2.285714/2.142857 = 1.066666 B to C 16/15

2.428571/2.285714 = 1.0625 C to C# 17/16

2.571428/2.428571 = 1.058823 C# to D 18/17

2.714285/2.571428 = 1.0555555 D to D# 19/18

2.857142/2.714285 = 1.0526316 D# to E 20/19

2.999999/2.857142 = 1.05 E to F 21/20

3.142857/2.999999 = 1.047619 F to F# 22/21 = 3

In the analogy of the hackney carriage, the “hire” represents the “higher” human driver (self-consciousness, or ego consciousness) who holds the reins of the horses (ordinary waking consciousness) that direct the cart (unconsciousness). The hire works for itself, for pay; the motives are chiefly mercenary. In traditional teachings, it is the “self”, lower case. 

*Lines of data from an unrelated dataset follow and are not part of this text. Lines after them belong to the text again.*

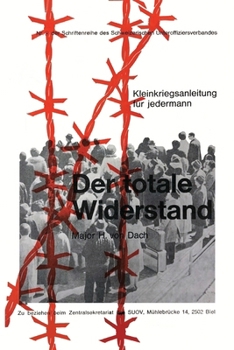 Paperback Der Totale Widerstand [German] Book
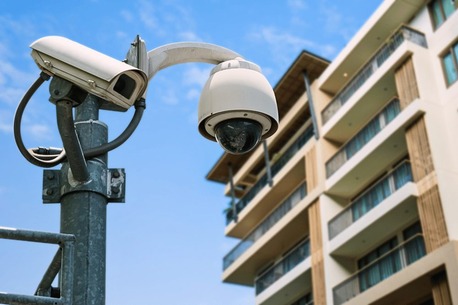 Mississauga, Security, Leading CCTV & Alarm Monitoring Company | United Security Systems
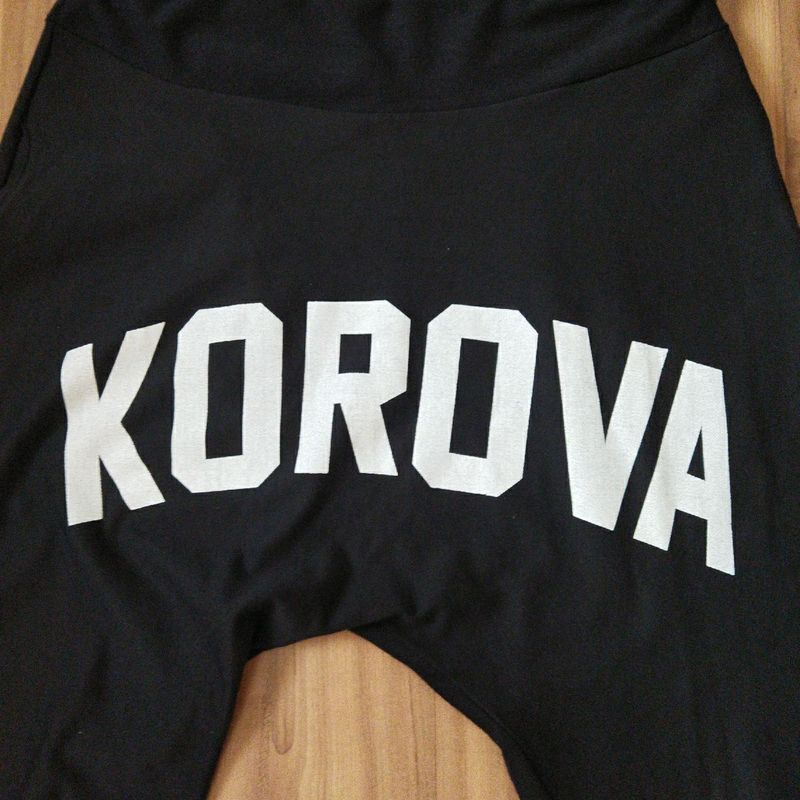 Calça store korova feminina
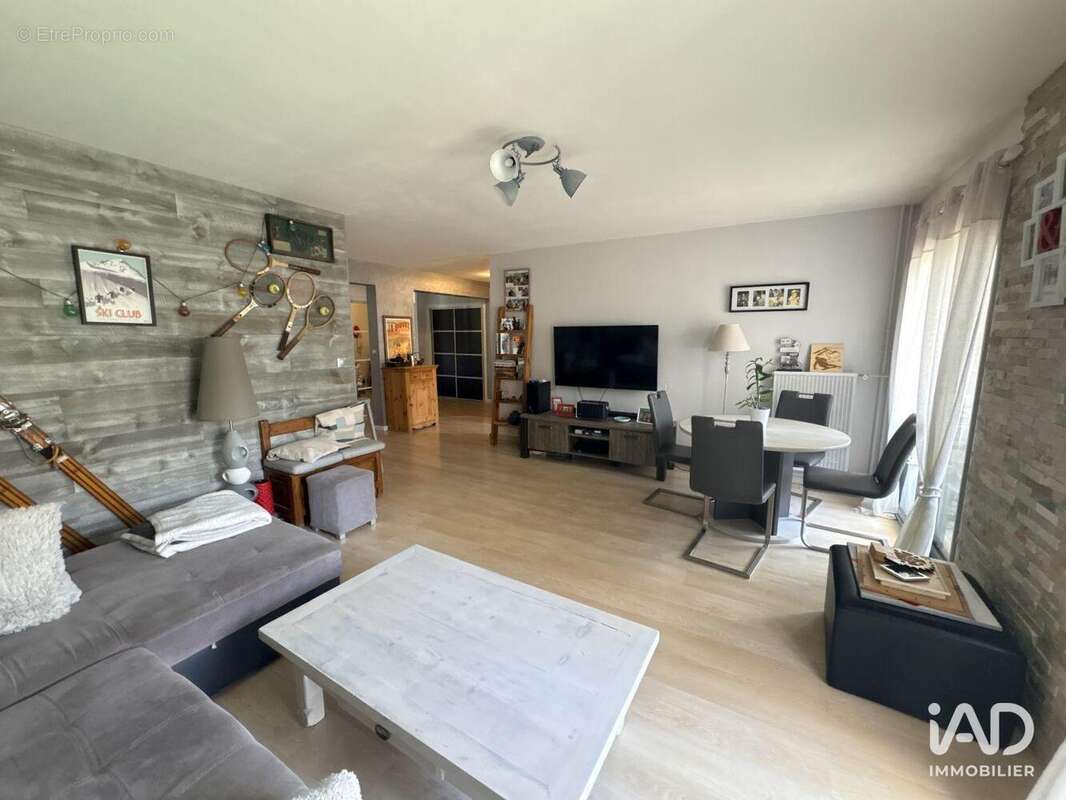 Photo 2 - Appartement à GAP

There is a fourth state of consciousness, the objective state, in which man can realize, can see things as they really are. In regards to the hackney carriage, the representative of this fourth state is the “passenger” and owner of the carriage. This is the “Self”, upper case, the real “I”. Gurdjieff says that it is the result of long and difficult work on oneself. The development of this objective consciousness is through self-consciousness - through the lower self, or ego. In other words, no one comes to the Father-I (the Self) but by me (the self). 


The fourth series, “Objective Consciousness”

3.285714/3.142857 = 1.0454545 F# to Fx 23/22

3.428571/3.285714 = 1.0434782 Fx to G 24/23

3.571428/3.428571 = 1.0416666 G to G# 25/24

3.714285/3.571428 = 1.04 G# to A 26/25

3.857142/3.714285 = 1.0384615 A to A+ 27/26

3.999999/3.857142 = 1.037037 A+ to Bb 28/27

4.142857/3.999999 = 1.0357145 Bb to B- 29/28 4

The completion of the fourth series has brought us to the alphabetical letters, Bb and B. At this point, the thought is aroused that the word, “Being”, so elusive and difficult to pin down, actually references the completion of the fourth body at the ratio 29/28 of the harmonic series. 

FOUR BODIES

In “From the Author”, found at the end of Beelzebub’s Tales, Gurdjieff makes the analogy of the four personalities existing within the common presence of man. 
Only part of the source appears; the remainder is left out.